--- What you need to do ---
Word for word, copy out the data below, omitting pictures.

--- Information provided ---
□ □ □
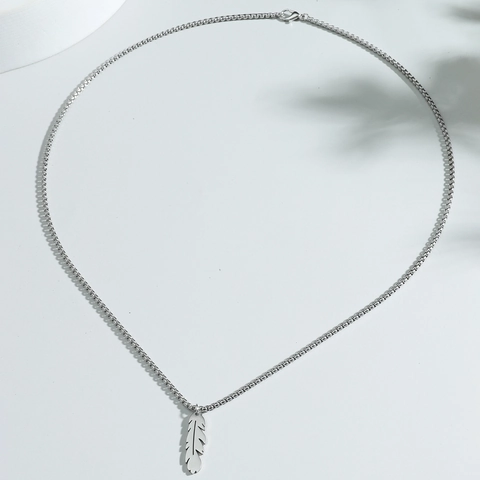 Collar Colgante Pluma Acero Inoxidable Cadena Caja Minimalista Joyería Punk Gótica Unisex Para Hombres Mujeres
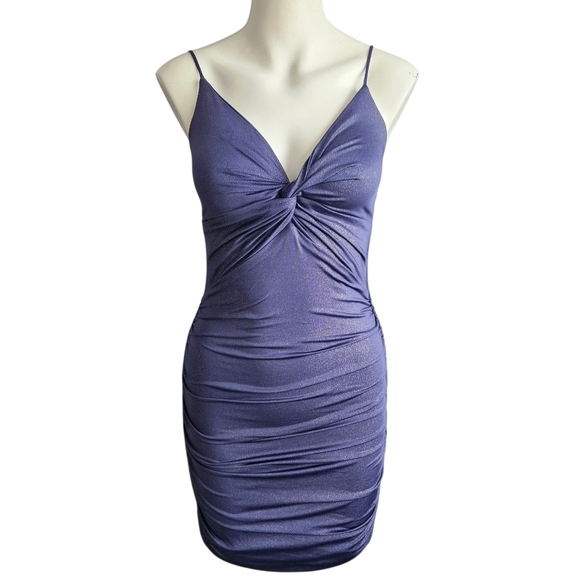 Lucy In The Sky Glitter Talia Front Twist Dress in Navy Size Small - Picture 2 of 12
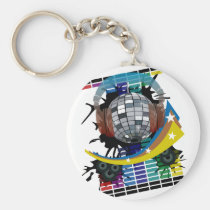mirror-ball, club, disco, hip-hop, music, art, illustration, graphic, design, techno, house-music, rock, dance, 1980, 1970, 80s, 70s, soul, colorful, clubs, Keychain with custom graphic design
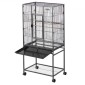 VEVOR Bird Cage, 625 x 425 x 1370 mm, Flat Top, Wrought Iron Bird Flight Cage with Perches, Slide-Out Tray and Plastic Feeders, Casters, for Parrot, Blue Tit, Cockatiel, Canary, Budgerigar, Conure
□ □ □
--- Written response ---
 Collar Colgante Pluma Acero Inoxidable Cadena Caja Minimalista Joyería Punk Gótica Unisex Para Hombres Mujeres
 Lucy In The Sky Glitter Talia Front Twist Dress in Navy Size Small - Picture 2 of 12
mirror-ball, club, disco, hip-hop, music, art, illustration, graphic, design, techno, house-music, rock, dance, 1980, 1970, 80s, 70s, soul, colorful, clubs, Keychain with custom graphic design
 VEVOR Bird Cage, 625 x 425 x 1370 mm, Flat Top, Wrought Iron Bird Flight Cage with Perches, Slide-Out Tray and Plastic Feeders, Casters, for Parrot, Blue Tit, Cockatiel, Canary, Budgerigar, Conure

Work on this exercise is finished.